Un roman aussi lucide que sensible : “Un loup pour l’homme” de Brigitte Giraud, aux éditions Flammarion le 23 août 2017.
 
Le pitch : Jeune couple amoureux, Lila et Antoine vont devenir parents. Alors qu’il devrait s’agir d’un heureux évènement, la nouvelle n’arrive cependant pas au bon moment, Antoine étant appelé à servir sous les drapeaux en Algérie. Mais Lila ne parvient pas à avorter et Antoine est envoyé au front. Ne souhaitant cependant pas tenir une arme, celui-ci obtient le poste d’infirmier et rencontre Oscar, un jeune caporal amputé d’une jambe durant les affrontements, et depuis lors devenu mutique…
 
C’est à l’occasion de la rentrée littéraire et d’une opération Masse Critique organisée par le site Babelio en partenariat avec les éditions Flammarion que j’ai été amenée à croiser la route de cette auteure que je ne connaissais pas, m’offrant ainsi l’opportunité de découvrir sa superbe plume avant de pouvoir prochainement la rencontrer, ce dont je tiens d’ailleurs à les remercier.
 
Dans ce roman, l’auteure opte pour une approche plutôt atypique afin de nous entraîner au coeur même de la guerre d’Algérie, un conflit qui me semble encore tabou aujourd’hui, un passé désormais révolu alors qu’il paraît encore si proche. Avec tout le talent qui est le sien, toute sa finesse et sa subtilité, l’auteure lève ainsi le voile et nous dévoile une vérité dans toute sa complexité… Celle d’une guerre qui ne voulait pas en être une, faite par des soldats qui ne comprenaient pas le sens de ce mot et n’avaient rien à faire là, qui ont connu la violence, la mort, l’horreur dans un décor paradisiaque. Confronté aux horreurs de la guerre comme s’il était l’un d’entre eux, le lecteur se laisse alors emporter et transporter par cette intrigue dont il ne sortira pas indemne, partagé qu’il est entre la dure réalité qu’ils vivent au quotidien, dont ils doivent s’accommoder chaque jour et celle qu’ils livrent à leurs proches, enjolivée pour les épargner et se protéger.

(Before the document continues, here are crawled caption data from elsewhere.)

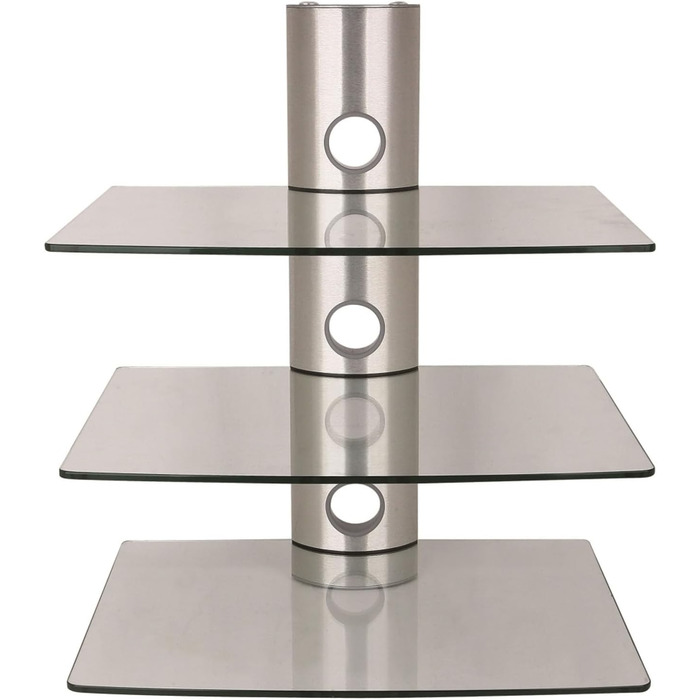 Підвіс для полиці NEG HiFi 503S, консольна стійка HiFi, настінна полиця, плаваюча (срібляста), з 3 великими скляними полицями (прозора) та системою організації кабелів, сріблястий, 3 полиці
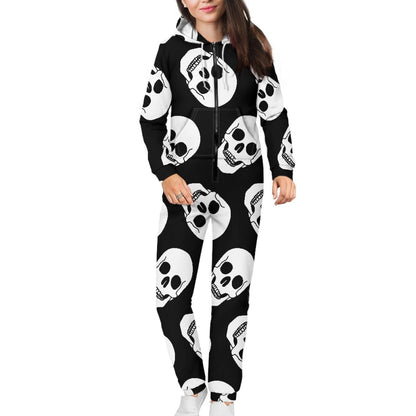 Black Slanted Skull Hooded Long Sleeve Bodysuit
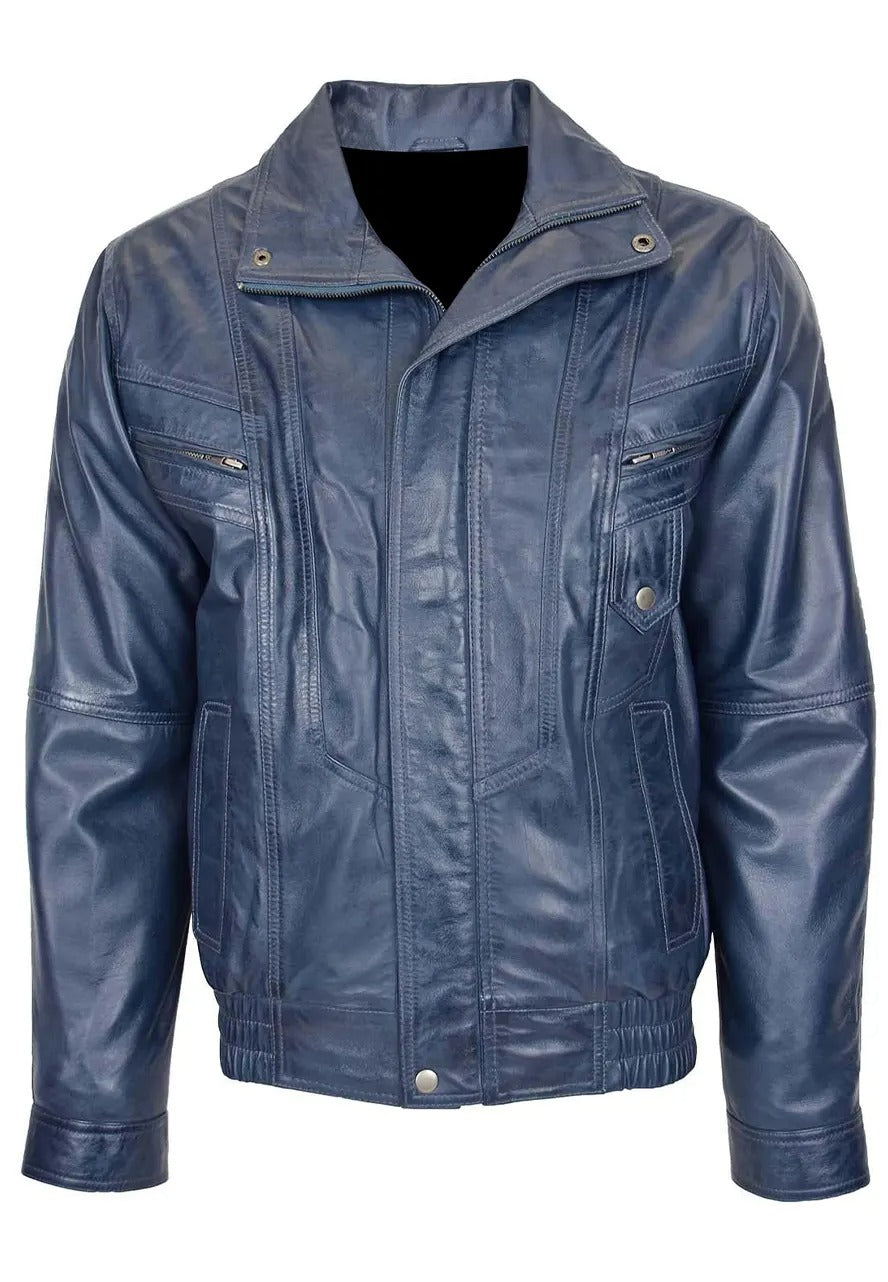 Men’s Blouson Blue Leather Bomber Jacket – Sleek & Modern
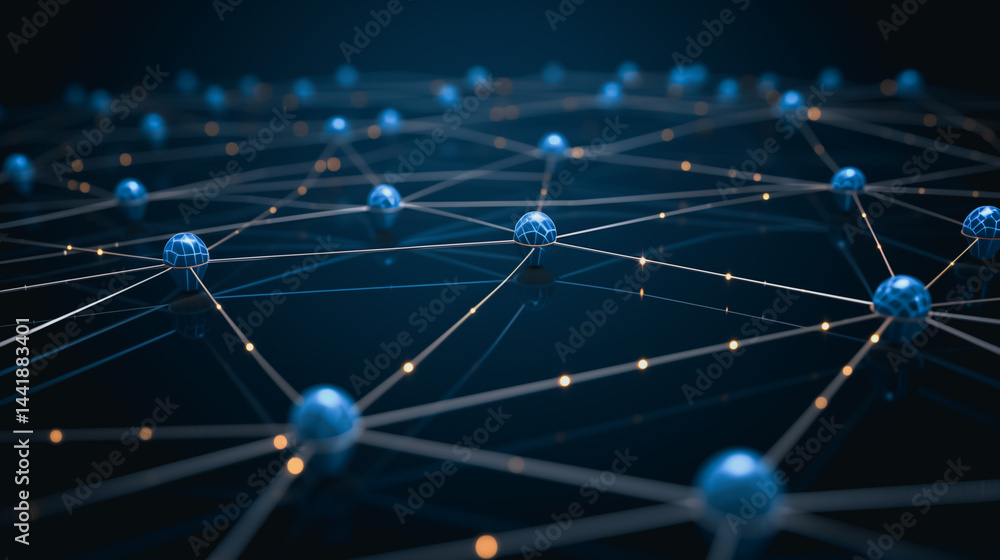Poster connected network: illustrating interconnectedness, this image showcases a network of blue spheres l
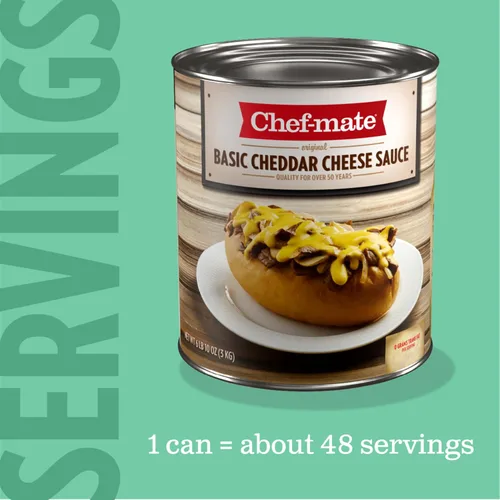 Miniatura 4 de Chef-mate Salsa básica de queso cheddar, comida enlatada para macarrones con queso, 6 libras 10 onzas (#10 lata a granel)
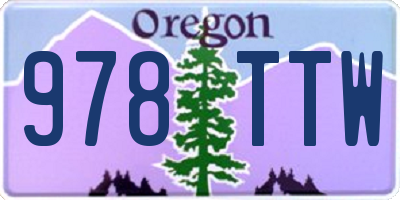 OR license plate 978TTW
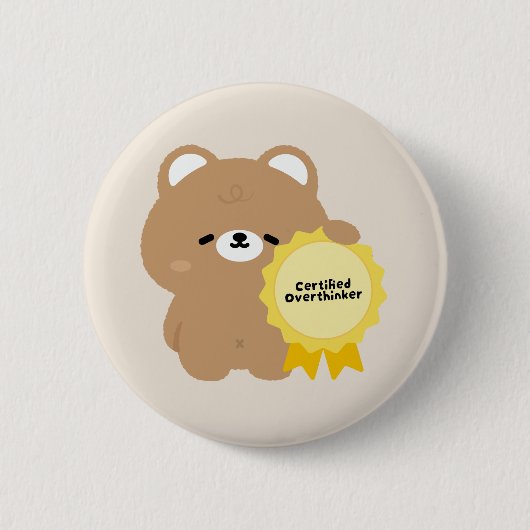 Zertifizierter Überdenker Braunbär Button (Vorderseite)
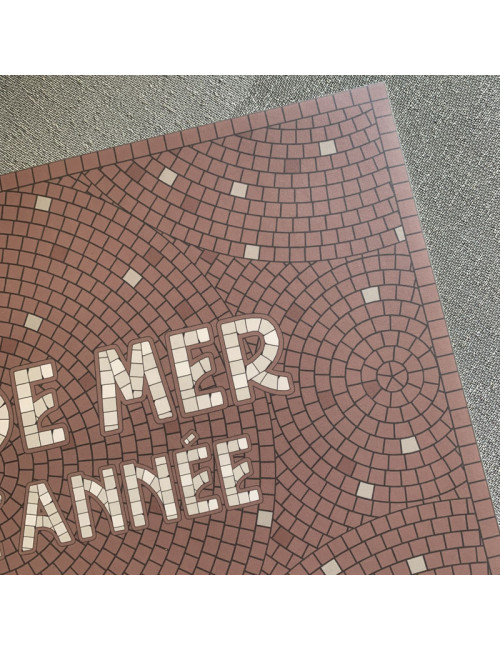 Tapis vinyle personnalisé Bains de mer toute l'année Pôdevache 49.5x83cm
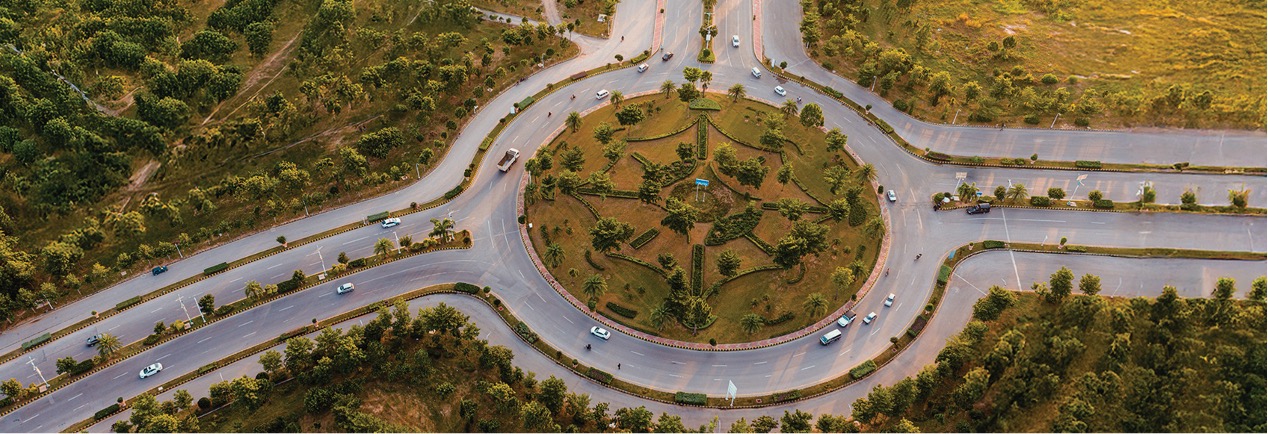 Gulberg Islamabad — Aerial Roundabout View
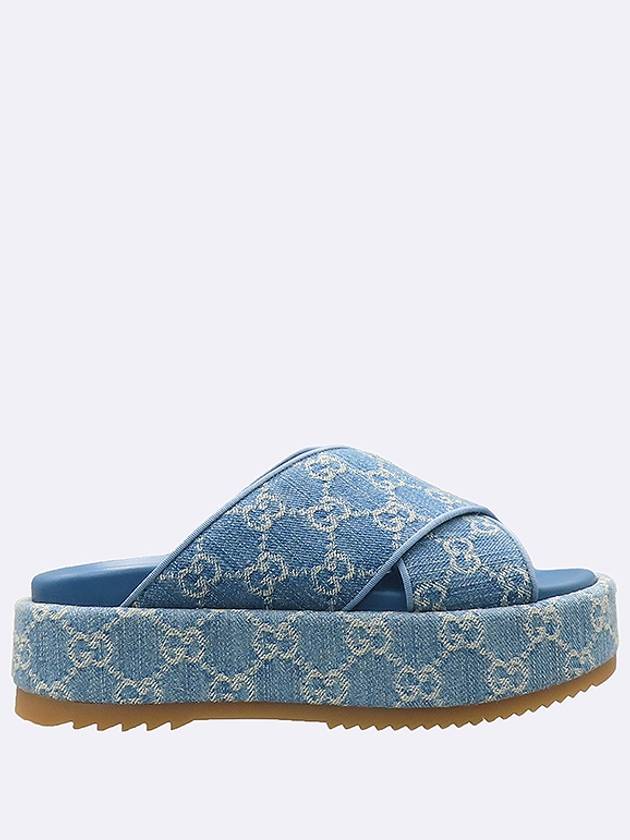 Gucci 771560 Light Blue Denim GG Logo Platform Slides Women s Sandals 230MM - GUCCI - BALAAN 4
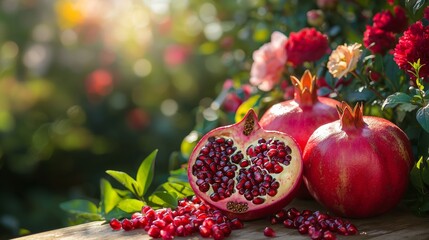 A beautiful arrangement of ripe pomegranates, showcasing vibrant seeds and surrounded by colorful roses in a natural setting.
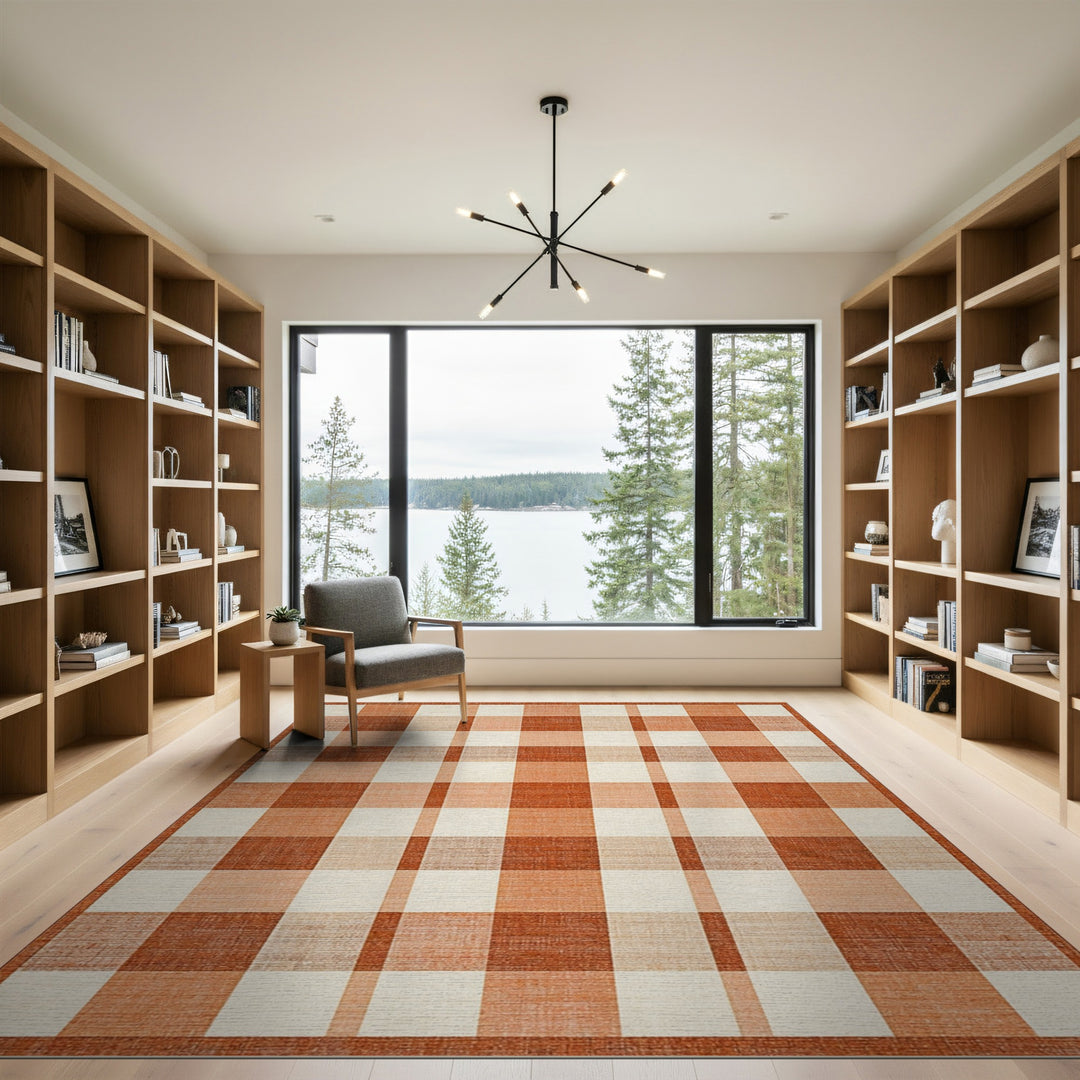 Geometric Modern Checkered Orange Checkered Geometric Area Rug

Et parce qu’elle dépeint si bien cette sinistre époque sans apporter le moindre jugement au profit de l’émotion et des sentiments, l’auteure nous délivre cette histoire au travers de trois incroyables portraits, ceux de nos principaux protagonistes, au milieu de toute une galerie de personnages secondaires aussi intéressants et importants pour le récit. Alors il y a bien sûr Antoine, le jeune appelé futur papa qui accepte sa mission mais refuse de prendre part aux combats, préférant devenir infirmier. Pour autant il sera en première ligne quand il s’agira d’être confronté aux drames de la guerre, à la mort, aux mutilations, aux blessures visibles et invisibles sans qu’il faille mettre les mots sur cette tragédie, et mettra dès lors toute son empathie au service des soins qu’il prodigue. Puis Oscar, ce malheureux soldat frappé de plein fouet par la guerre dans toute sa terrible violence, sans doute le symbole de toute une génération traumatisée, brisée par ce conflit, dont la jeunesse a été mutilée, volée par cette guerre. Et entre ces deux-là les liens qui se tissent seront d’une incroyable force, chacun devenant presque la raison d’être de l’autre, au point même d’en délaisser Lila. Car il y a aussi Lila, la touche d’amour et de féminité, celle qui bouleverse tout son monde en ayant le courage de rejoindre Antoine en Algérie tandis qu’elle porte leur enfant, là où tant d’autres ont préféré baisser les bras, renoncer et quitter leur compagnon, les abandonnant à leur triste sort désormais teinté de solitude.
La plume est belle, nerveuse, magnétique, le style est d’une efficacité à toute épreuve et d’une élégance sans faille, ce qui contribue à envoûter le lecteur pour un moment de lecture particulièrement fort et prenant. 
 
En bref, une impressionnante leçon d’Histoire qui se veut aussi une leçon d’amour, d’amitié, de vie et d’humanité.